→ **About this exercise**: Write back every line of the listing exactly, excluding images.

→ **Supplied material**:

========================

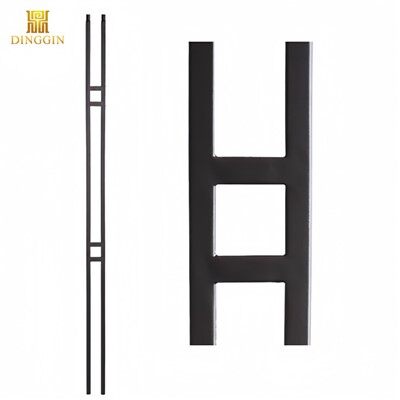 Baluster od kovanog željeza s dvostrukom šipkom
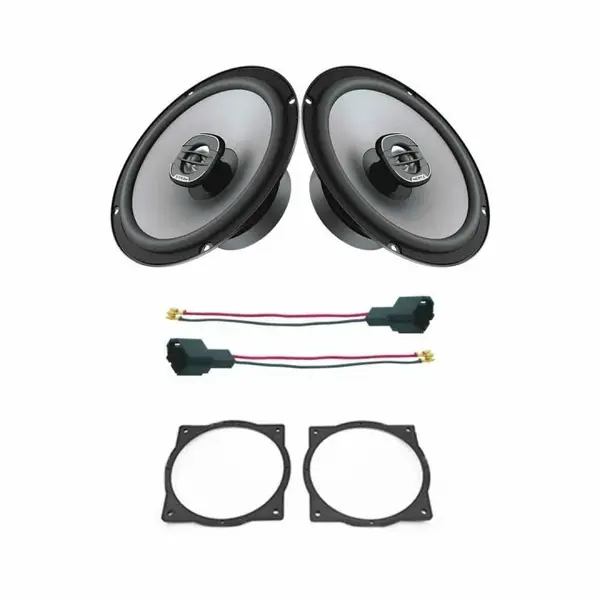 Pachet difuzoare auto Hertz Uno dedicat usi spate Kia Ceed 2007-2012, RMS 55W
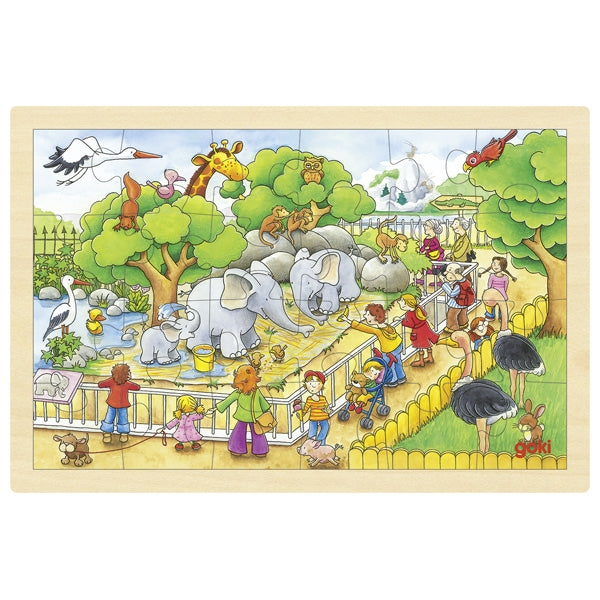 Puzzle (small) - The Zoo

========================

→ **Completed exercise**:
 Baluster od kovanog željeza s dvostrukom šipkom
 Pachet difuzoare auto Hertz Uno dedicat usi spate Kia Ceed 2007-2012, RMS 55W
 Puzzle (small) - The Zoo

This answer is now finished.